Spécialiste des politiques du salaire et de l’emploi,
Bernard Friot a
commencé sa carrière en 1971 comme assistant puis maître
de
conférences en économie à l’IUT de l’université
de Lorraine. En 2001,
il est élu professeur
de sociologie à l’université de Paris-Ouest
Nanterre, avant de devenir professeur émérite en 2009.
Sa thèse d’État
d’économie porte sur la construction
de la Sécurité sociale
en France
de 1920 à 1980. Il y conteste l’interprétation de 1945 qui fait de
« la
Sécurité sociale
un élément nécessaire
à la période fordiste
du
capitalisme ». Il insiste au contraire sur « le caractère
anticapitaliste des institutions de socialisation
du salaire ». Au
moment
où la souveraineté populaire est mise à mal par les banques et
le patronat,
ses réflexions l’amènent
à développer « une approche du
salariat comme voie de sortie du capitalisme ». Chercheur à l’IDHE
(Institutions et dynamiques historiques de l’économie),
il participe
aux travaux
de l’Institut européen
du salariat. Son parcours
universitaire se double
d’un engagement politique,
il est militant du
PCF
depuis près de quarante-
cinq ans. En 2010,
alors que la réforme
des retraites Fillon est très contestée, il propose
une autre issue,
en publiant, à La Dispute, l’Enjeu
des retraites, puis,
en 2012,
l’Enjeu du salaire et Puissances du salariat. En 2013 est paru chez
Peter Lang, avec Bernadette Clasquin, The Wage Under Attack : Employment
Policies in Europe. Il fonde
en 2011 une association d’éducation
populaire, Réseau Salariat (reseausalariat.info). C. R.

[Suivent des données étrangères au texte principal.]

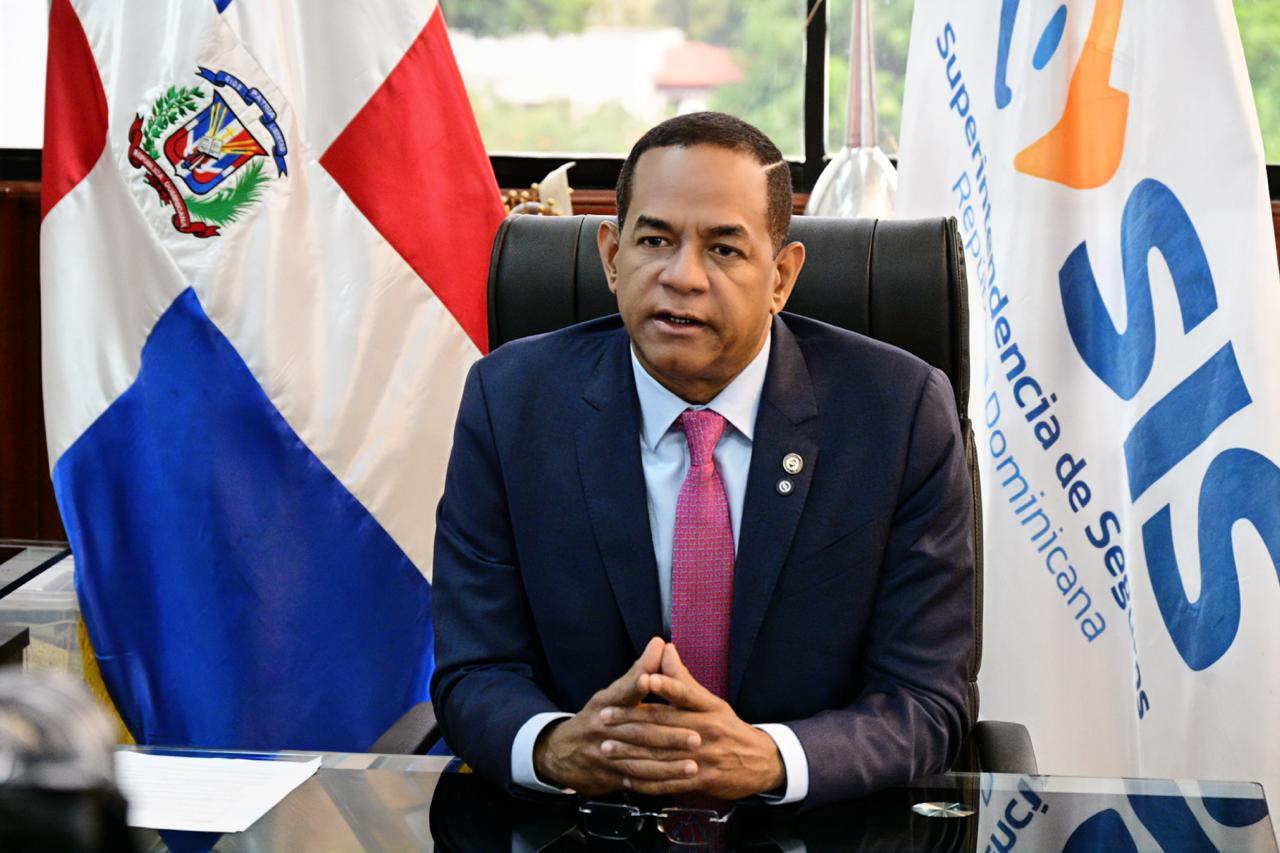 Julio César Valentín valora desmonte gradual del impuesto al seguro de vida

Avec plus de 10 % de chômeurs
en France, un marché du
travail
en crise, vous préconisez « la révolution par le salaire »,
alors que le salariat est considéré par beaucoup comme une aliénation…

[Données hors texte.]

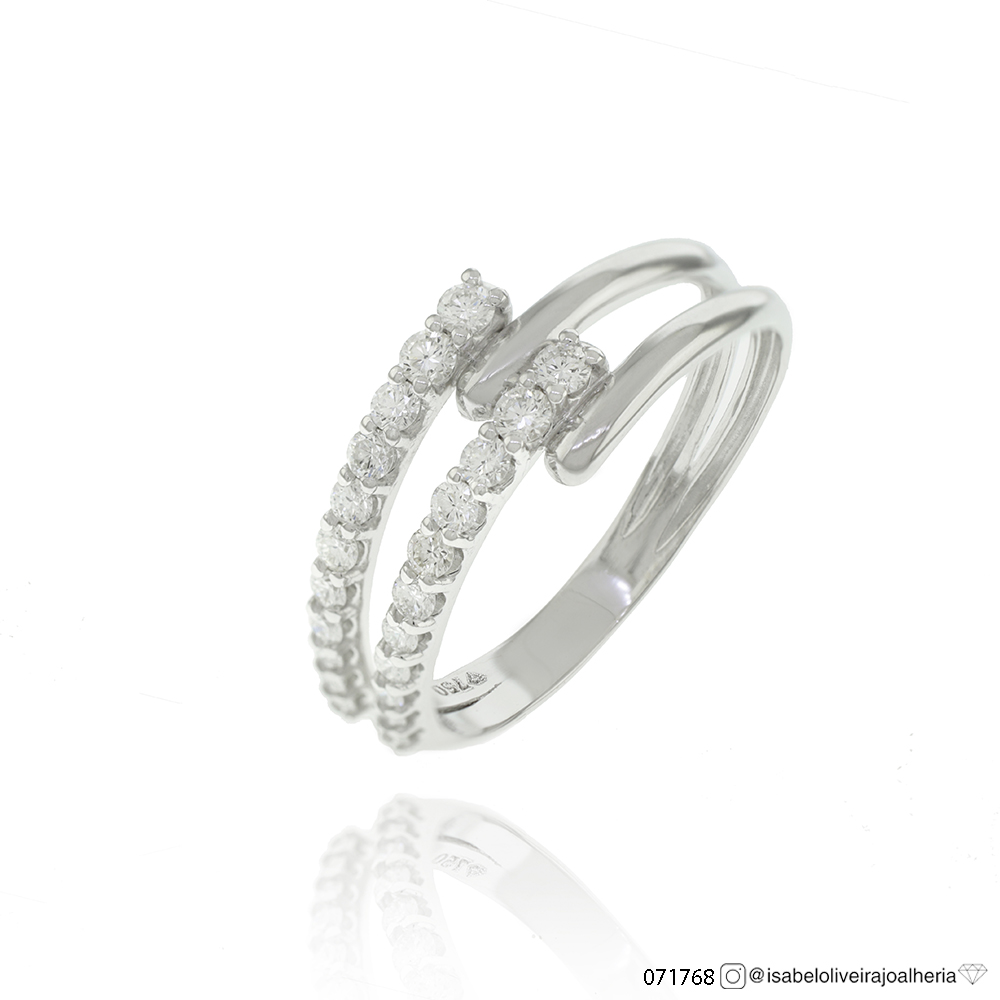 ANEL 2 AROS LISOS E 2 AROS CRAVADOS DEGRADE 22 BRILHANTES 0,43CT G VS1 2,76G OURO BRANCO 18K  - COLEÇAO LAISA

Bernard Friot. Le salaire implique bien davantage
qu’un lien de subordination et du pouvoir d’achat. S’en tenir là nous
empêche de lire les dimensions anticapitalistes conquises dans le
salaire entre les années 1930 et 1970, à savoir la qualification de la
personne dans la fonction publique et la cotisation qui socialise déjà
45 % du salaire. Ces conquêtes, gagnées sous l’impulsion de la CGT et
des communistes, sont des tremplins considérables pour une autre
définition de la valeur économique et donc du travail. 40 % du PIB sont
déjà produits dans le cadre des services publics et de la Sécurité
sociale par les fonctionnaires, les retraités, les soignants, les
parents et les chômeurs. Autant de personnes qui ne relèvent ni du
marché du travail ni de la valorisation de la propriété lucrative par la
production de marchandises. Cela ouvre un possible pour sortir du
capitalisme. Le salariat, c’est la classe révolutionnaire en train de se
construire en assumant ses conquêtes, en poussant plus loin
l’affirmation de cette alternative. Une alternative au marché du travail
par la généralisation du salaire à vie des fonctionnaires et des
retraités. Mais aussi une alternative à la propriété lucrative et au
crédit par la généralisation de la cotisation, pour financer
l’investissement, et de la copropriété d’usage de tous les outils de
travail. Enfin, une alternative à la mesure de la valeur par le temps de
travail, par la généralisation de sa mesure, par la qualification des
producteurs, comme c’est déjà le cas pour l’administration et la
Sécurité sociale.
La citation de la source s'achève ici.